Jak podaje portal altair.com.pl, Indie zamierzają kupić około półtora tysiąca bezzałogowych statków powietrznych, w ciągu 3-4 lat.
Indyjskie Ministerstwo Obrony chce dokonać zakupów systemów dla Wojsk Lądowych (pułap lotu 4,3 km) i Sił Powietrznych (pułap lotu do 6,5 km).
Co jest ważne dla branży w Polsce, to fakt, że Indie poszukują dostawców do podjęcia współpracy z lokalnymi producentami oraz organizacjami rządowymi.
Pojawiają się dwa główne pytania:
1) Którzy z polskich Producentów (Konsorcjów) zdecydują się na ew. wejście w ten rynek i przy pomocy jakich produktów?
2) W jakim zakresie polskie konstrukcje mogą stanowić konkurencję dla innych?

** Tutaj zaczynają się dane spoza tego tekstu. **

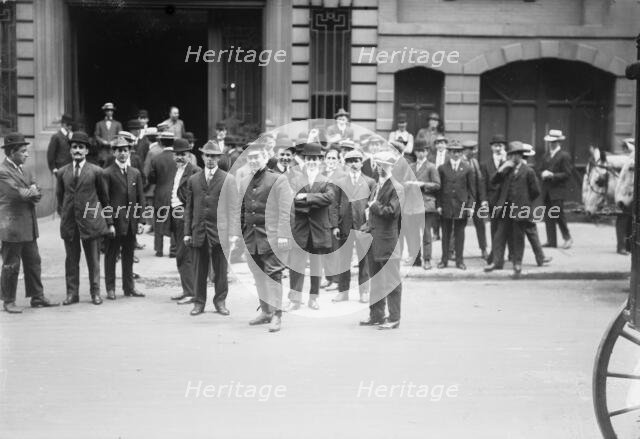 Strikers leave Sherry's, 1912. Creator: Bain News Service.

W tym miejscu możnaby przywołać głosy, podnoszone przy okazji każdego większego zakupu BSP (dotychczas na potrzeby Sił Zbrojnych), o możliwościach rodzimego przemysłu jako tańszej alternatywie. Być może tak się stanie. Jednakże niższy koszt wytworzenia nie oznacza, automatycznie, niższej ceny w ofercie sprzedaży danego produktu.

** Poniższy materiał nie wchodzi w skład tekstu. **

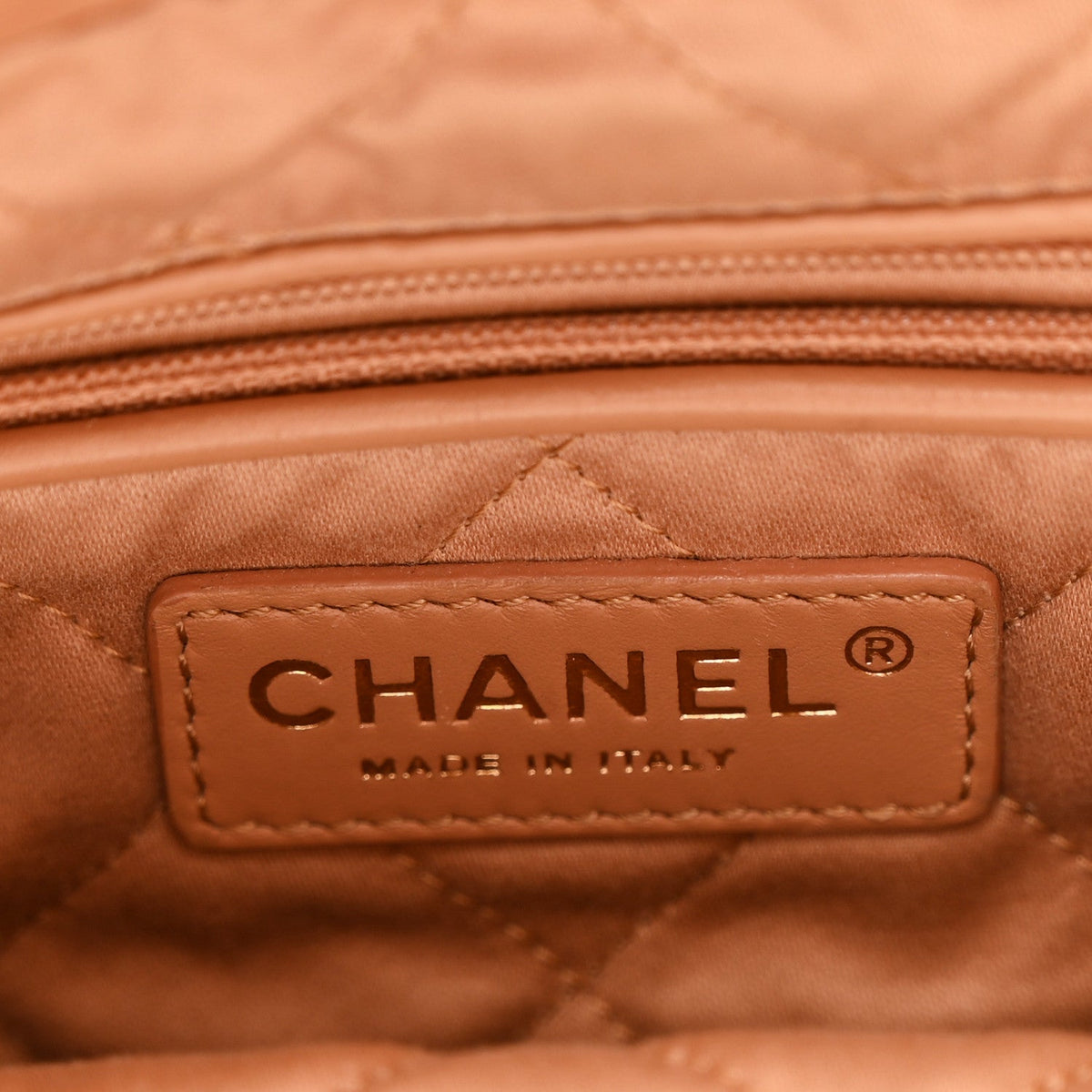 Shiny Calfskin Quilted Small Chanel 22 Beige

Trzeba też pamiętać, że polskie systemy niejednokrotnie skonfrontowane zostaną ze sprzętem dojrzalszym, w rozumieniu operacyjnego (bojowego) użycia. Tymczasem stanowią one, z reguły, konstrukcje budowane w oparciu o wiedzę lotniczą na poziomie światowym, ale dotyczącą lotnictwa załogowego. Najlepszym przykładem jest skupienie się na prezentowaniu osiągów platform powietrznych, podczas gdy to, co będzie zamontowane na pokładzie pozostaje sprawą drugorzędną
Czy więc w Indiach pojawią się, w szerszym użyciu, bezzałogowe statki powietrzne konstrukcji polskiej?